PROBLEM TO WORK ON →
Produce the lines from the one containing "Bán ch đẹp tại" through the end of the material exactly as they appear, both ends included, and leave the pictures out.

EXTRACTED DATA →
---+---
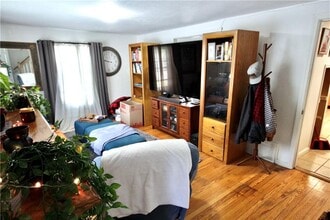 54 Preston Dr in North Kingstown, RI - Building Photo - Building Photo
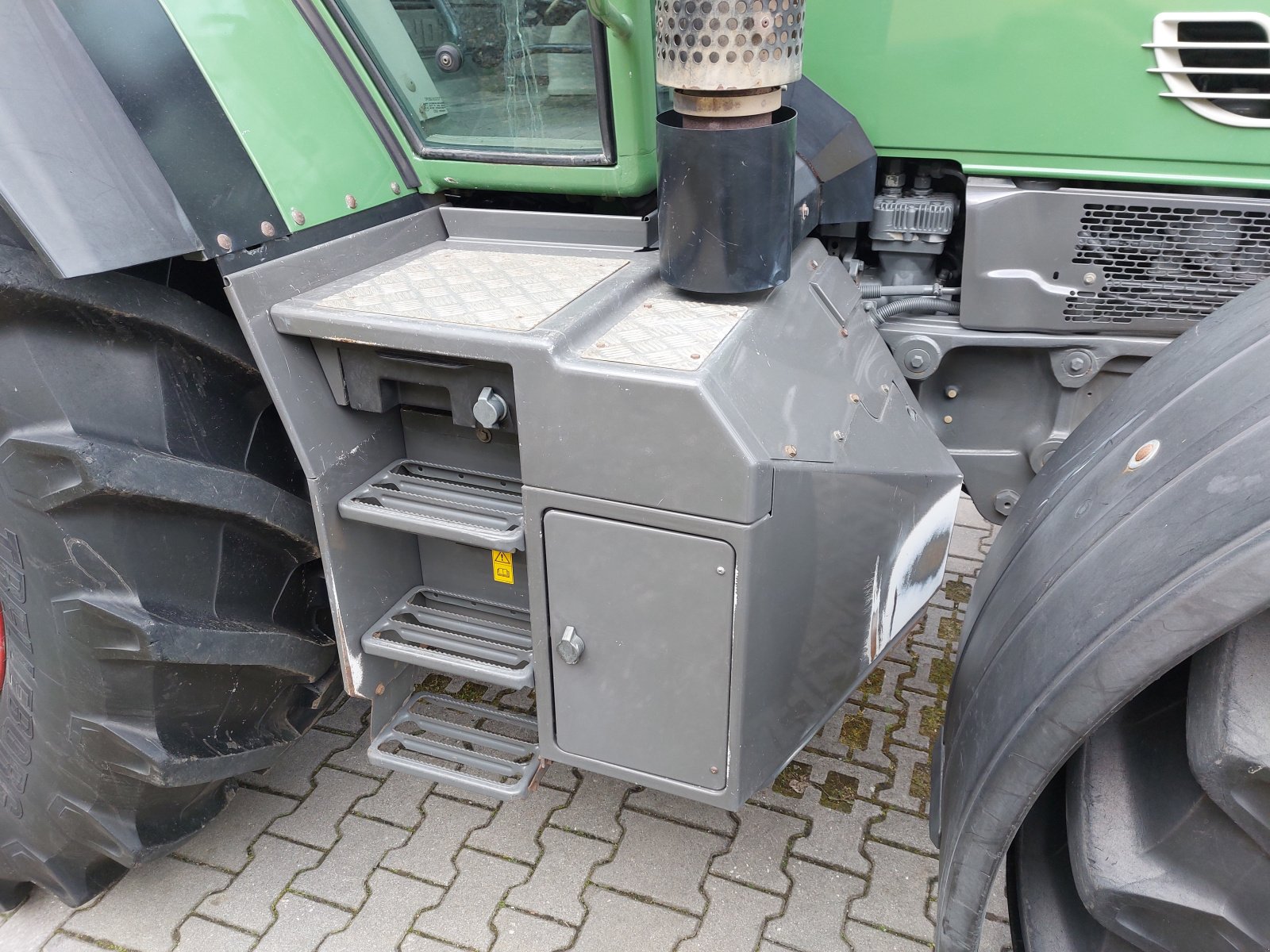 Traktor des Typs Fendt 718 Vario TMS 818 820 Frontapfwelle sehr gepflegt, Gebrauchtmaschine in Tirschenreuth (Bild 21)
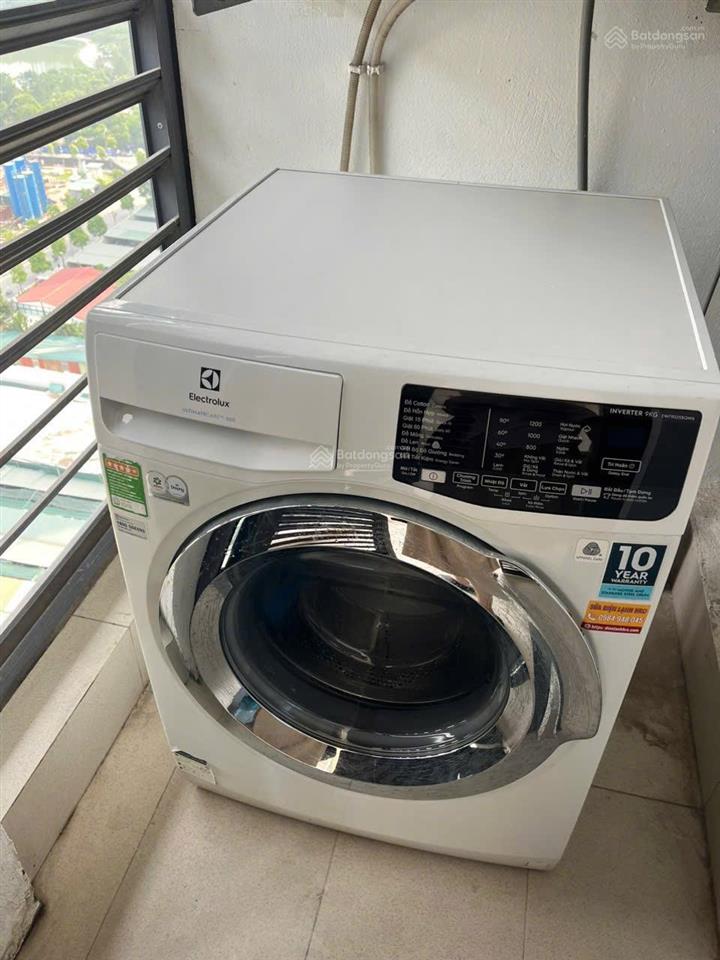 Bán ch đẹp tại golden park tower, 9.5 tỷ, 98m2, có 3pn, 2wc, nhiều tiện ích, view hồ, ban công dài.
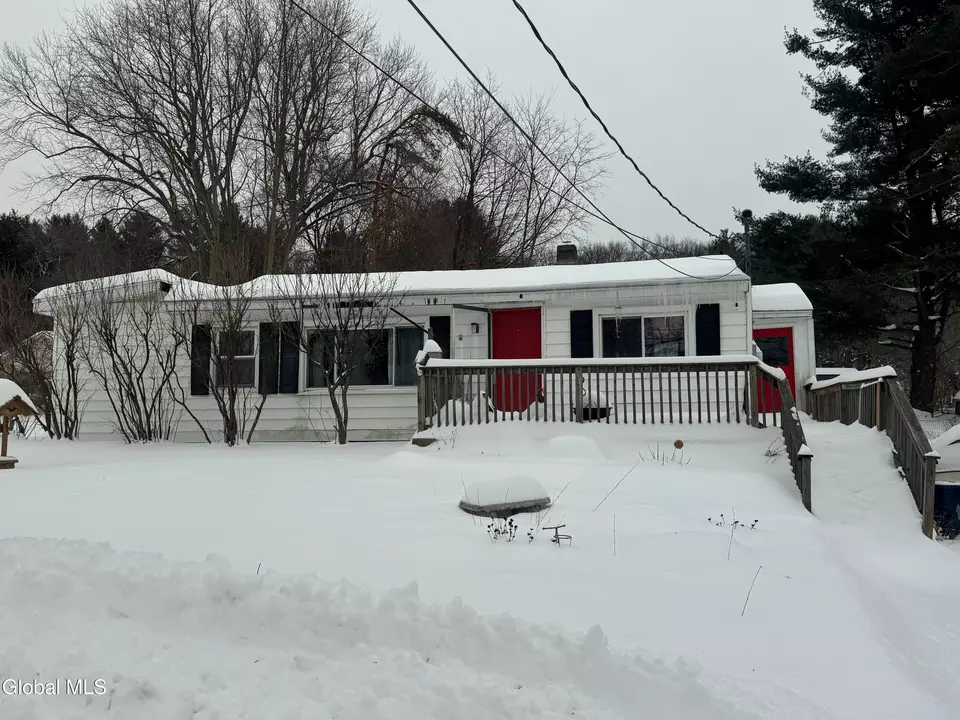2438 Brookview Rd, Castleton On Hudson, NY 12033 | MLS# 202611142 | 6 ...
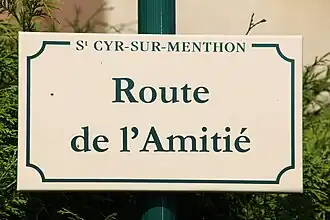 Panneau avec le nom de la commune à Saint-Cyr-sur-Menthon, Ain.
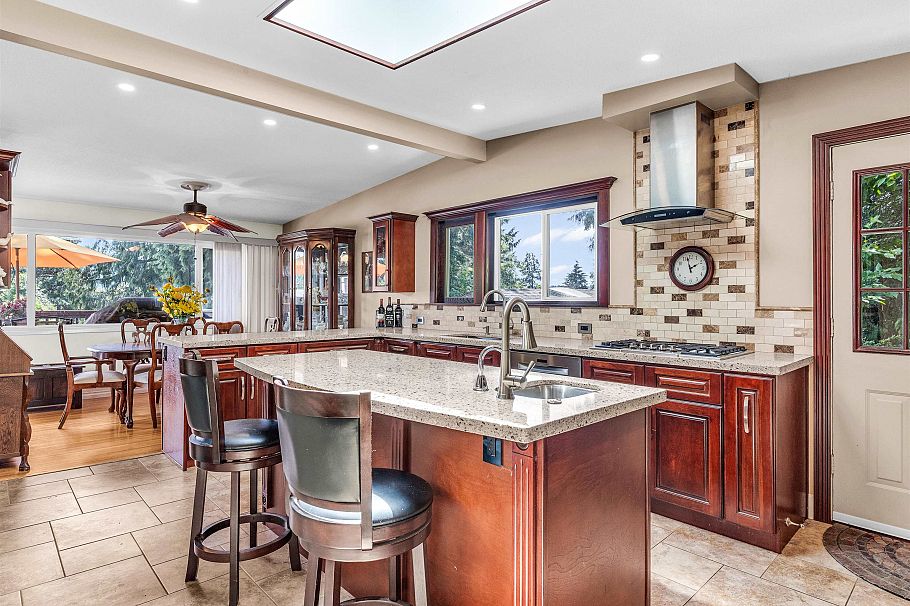 2990 Eddystone Crescent North Vancouver, BC - 3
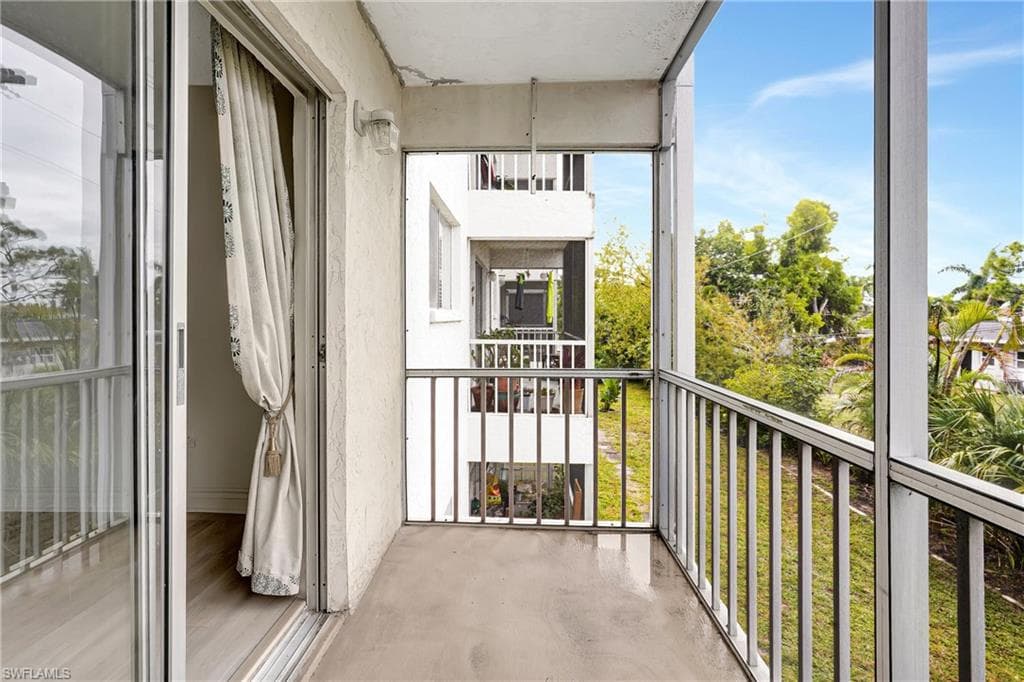 4906 Victoria DR # 209, CAPE CORAL FL 33904-19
---+---
OUTPUT FOR THIS EXERCISE →
 Bán ch đẹp tại golden park tower, 9.5 tỷ, 98m2, có 3pn, 2wc, nhiều tiện ích, view hồ, ban công dài.
2438 Brookview Rd, Castleton On Hudson, NY 12033 | MLS# 202611142 | 6 ...
 Panneau avec le nom de la commune à Saint-Cyr-sur-Menthon, Ain.
 2990 Eddystone Crescent North Vancouver, BC - 3
 4906 Victoria DR # 209, CAPE CORAL FL 33904-19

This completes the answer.